Popolare, populista, liberale, socialista, oramai hanno tutti connotati diversi. Il socialista è un ladro comunista, il liberale è un ladro fascista. Il populista è… cos’è un populista? Chi può ormai dire cosa sia un populista? Questo termine è stato usato talmente spesso che oramai non si sa più cosa significhi. Berlusconi è stato tacciato, da sempre, di essere un piazzista/populista. Lo stesso Berlusconi critica Di Pietro per essere un populista. O Berlusconi, che parla di proposta di “legge popolare”. Ma la “legge popolare” non era una legge che veniva proposta dal popolo? Non mi sembra che si possa definire “legge popolare” una legge studiata e fatta da un primo ministro e data in pasto alla gente. Ma basta parlare di politica, non era questo che avevo in mente, seppur causa di gran parte del contesto.

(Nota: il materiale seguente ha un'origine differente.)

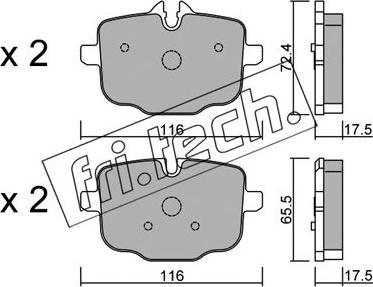 Fri.Tech. 939.0 - Тормозные колодки, дисковые, комплект autospares.lv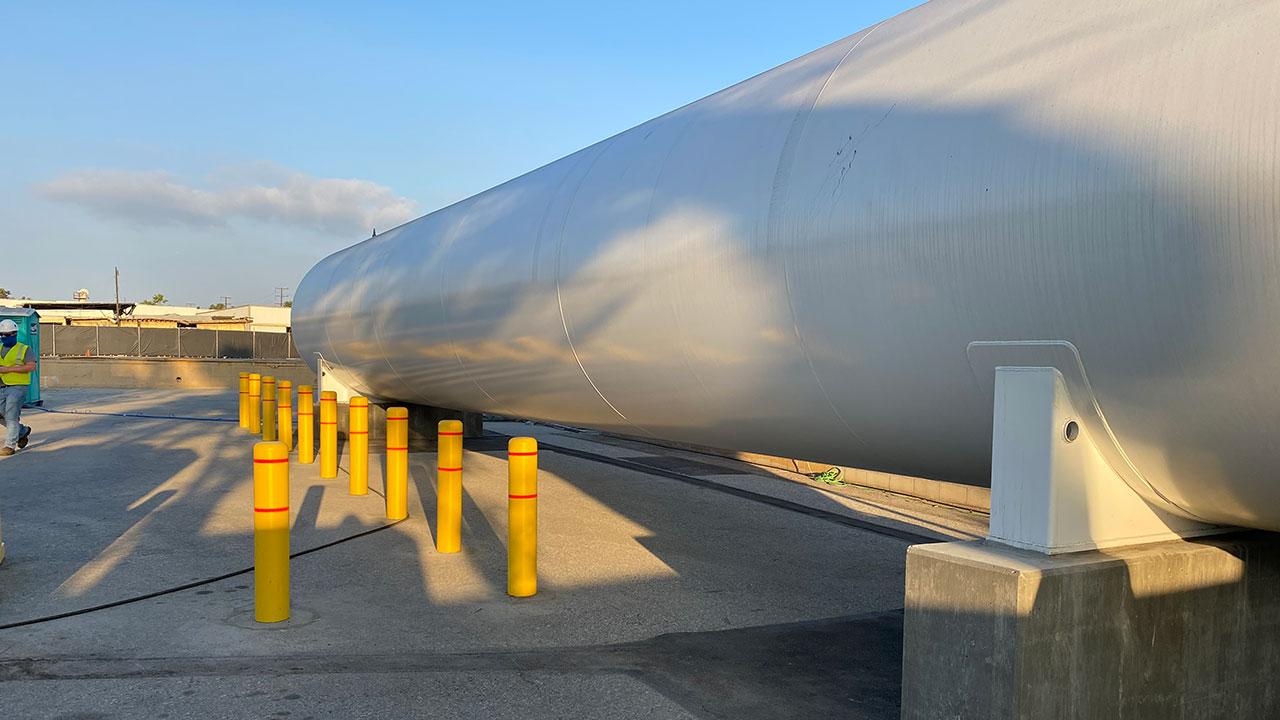 A 30,000 gallon renewable natural gas storage tank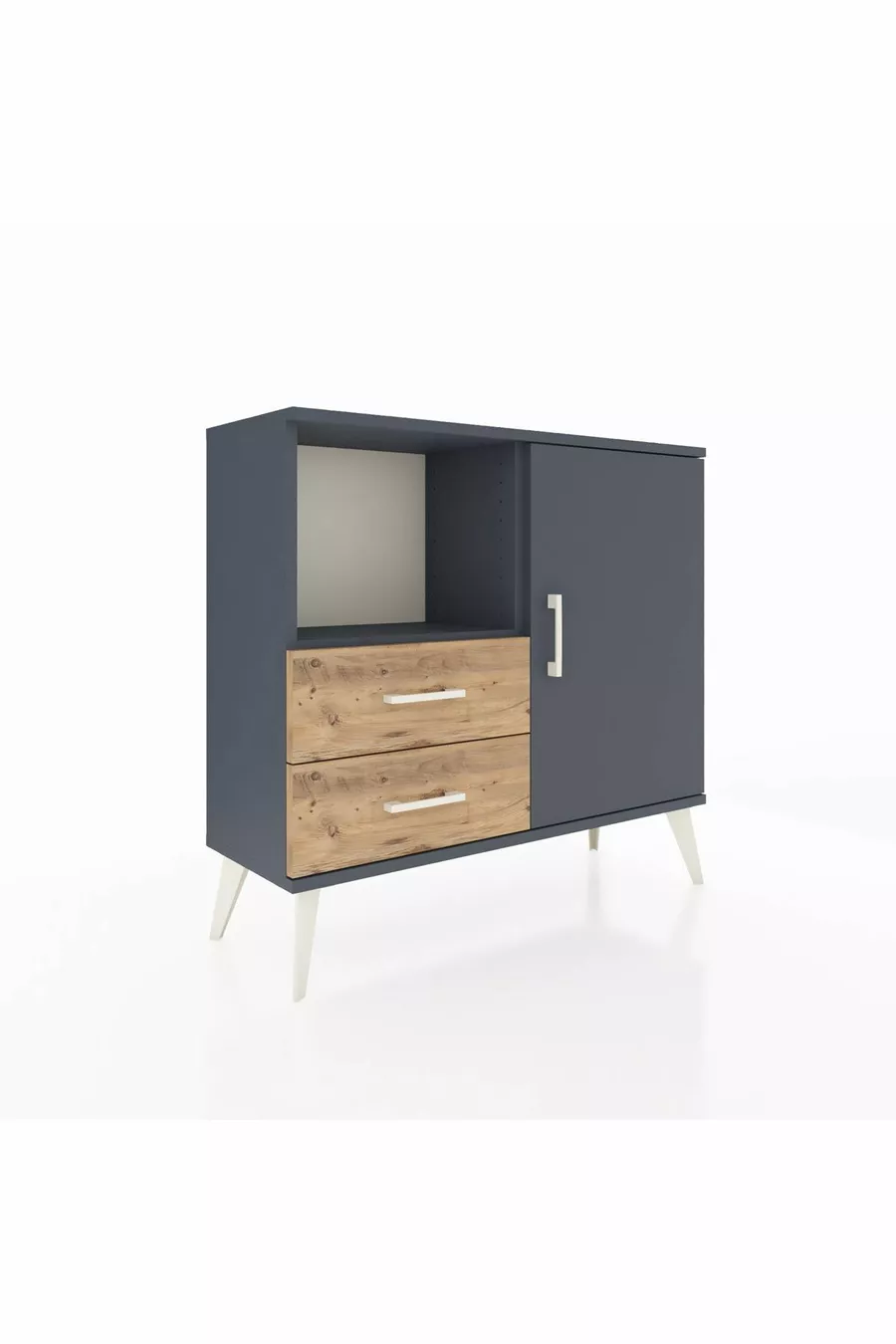 Commode Arges avec 2 étagères, 2 tiroirs et 1 porte, anthracite/anthracite pin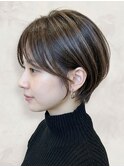 40代50代◎白髪ぼかしハイライト美髪ショートボブグレージュ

Io ho vissuto in un periodo, seppur breve, in cui le parole avevano ancora un significato. Una persona onesta era una persona onesta, un ladro era un ladro, un mafioso era un mafioso, un culattone era un culattone, ed un segaiolo era un segaiolo, per dirla alla Patrucco: «non giudicatemi per le parole usate ma per il senso, perché per me è uguale: la vera differenza è che uranista/onanista la capiscono Sgarbi ed un paio d’altri, culattone/segaiolo la capiscono tutti».

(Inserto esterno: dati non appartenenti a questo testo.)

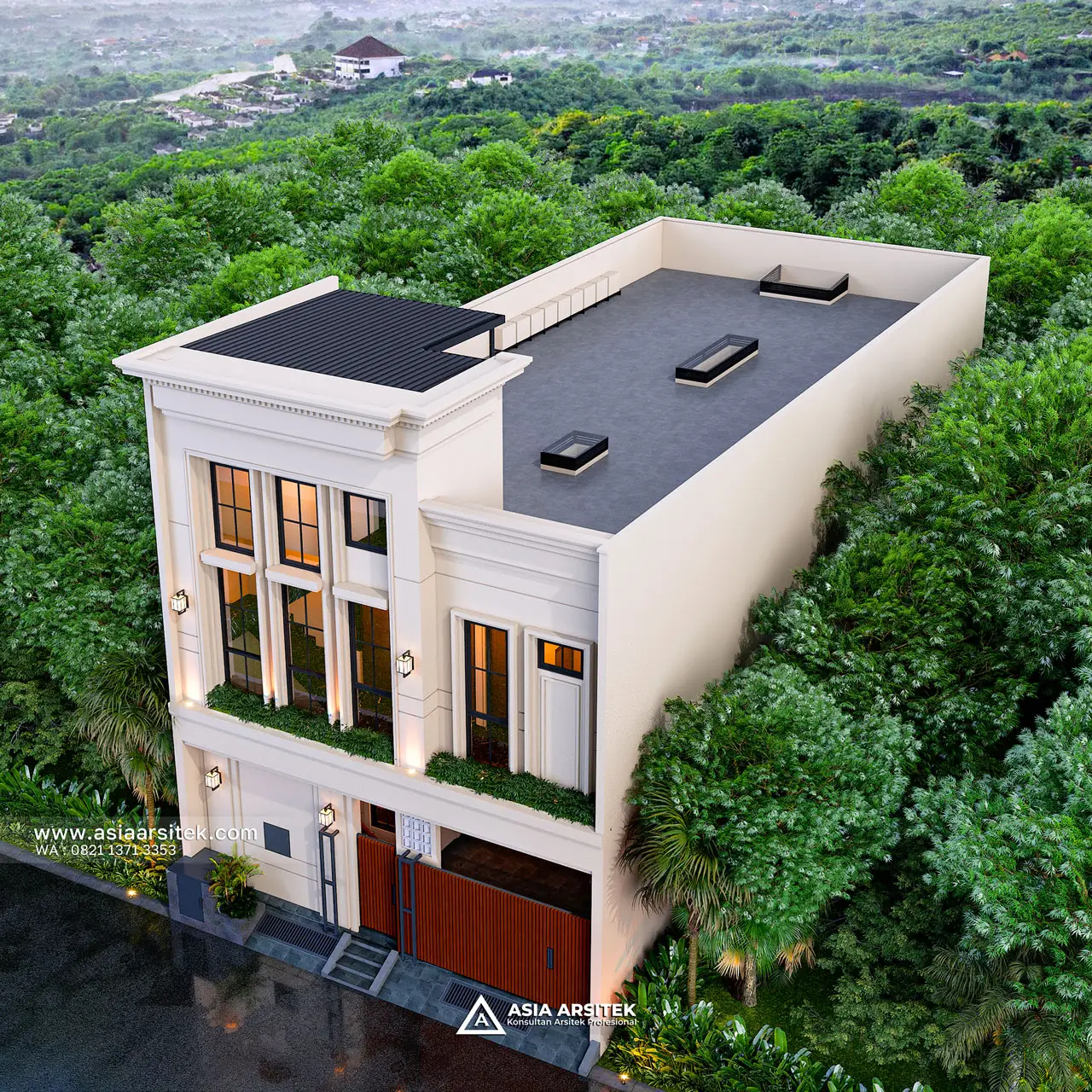 Desain Tampak Atas Depan Kost Modern Klasik 2 Lantai Pak ARF di Bekasi Jawa Barat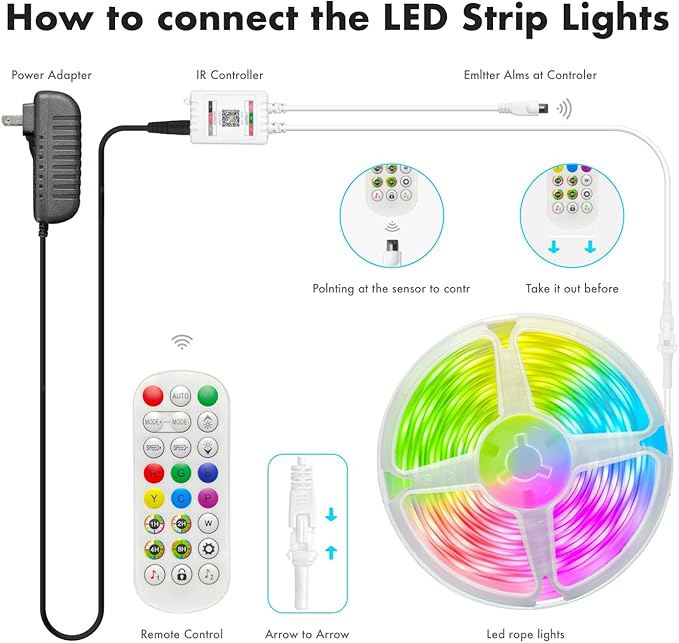 Led Lights for Bedroom, IC+RGB 65.6FT Strip Lights, 24Key Remote with App Control, Music Sync Color Changing for Room Decor Party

Di quest’era ho visto tutto il declino, sempre lento, perpetuo, in alcuni momenti quasi impercettibile. E fu così che i mafiosi divennero eroi, i ladri perseguitati, gli onesti invidiosi. Le persone che avevano a cuore le altre persone divennero populisti, quelle che facevano affari mettendoci i soldi (o il culo, come diceva Ricucci) degli altri diventano grandi imprenditori d’alta finanza. I lavoratori diventano risorse umane, i disoccupati scansafatiche…

Ed in tutto questo vorticoso turbinio di parole, non si sa più come definirsi. Le parole stesse sono state private e deprivate del loro significato. Quella che noi chiamiamo una rosa, con qualsiasi altro nome, profumerebbe altrettanto dolcemente. È si vero, ma in un contesto sviluppato ogni cosa ha un suo nome ed ogni nome ha un suo senso. Se invertissimo i nomi della rosa con quello degli escrementi, diremmo in scioltezza che “questa rosa puzza di merda”. Ogni cosa ha un suo senso.

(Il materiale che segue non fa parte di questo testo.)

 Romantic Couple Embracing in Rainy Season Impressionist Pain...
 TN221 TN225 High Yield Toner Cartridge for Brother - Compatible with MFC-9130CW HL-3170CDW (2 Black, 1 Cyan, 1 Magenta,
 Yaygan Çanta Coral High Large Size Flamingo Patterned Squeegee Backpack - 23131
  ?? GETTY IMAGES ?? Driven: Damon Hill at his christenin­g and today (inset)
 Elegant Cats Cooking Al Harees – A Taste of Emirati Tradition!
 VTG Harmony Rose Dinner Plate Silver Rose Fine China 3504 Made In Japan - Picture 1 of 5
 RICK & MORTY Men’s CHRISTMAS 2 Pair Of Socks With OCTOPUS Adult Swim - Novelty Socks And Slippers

A parte, forse, questo post. Almeno per i più.

PS: stranamente mi è tornato in mente [SkiD], dopo un mio dialogo con lui, che si rivolse ad un amico e gli disse: “Sembra che non ha detto niente. Ma se lo stai ad ascoltare attentamente, con mente aperta, capisci perfettamente cosa ti sta dicendo, e non ti fai ingannare dall’apparenza delle parole.” Chissà, forse lui capirà.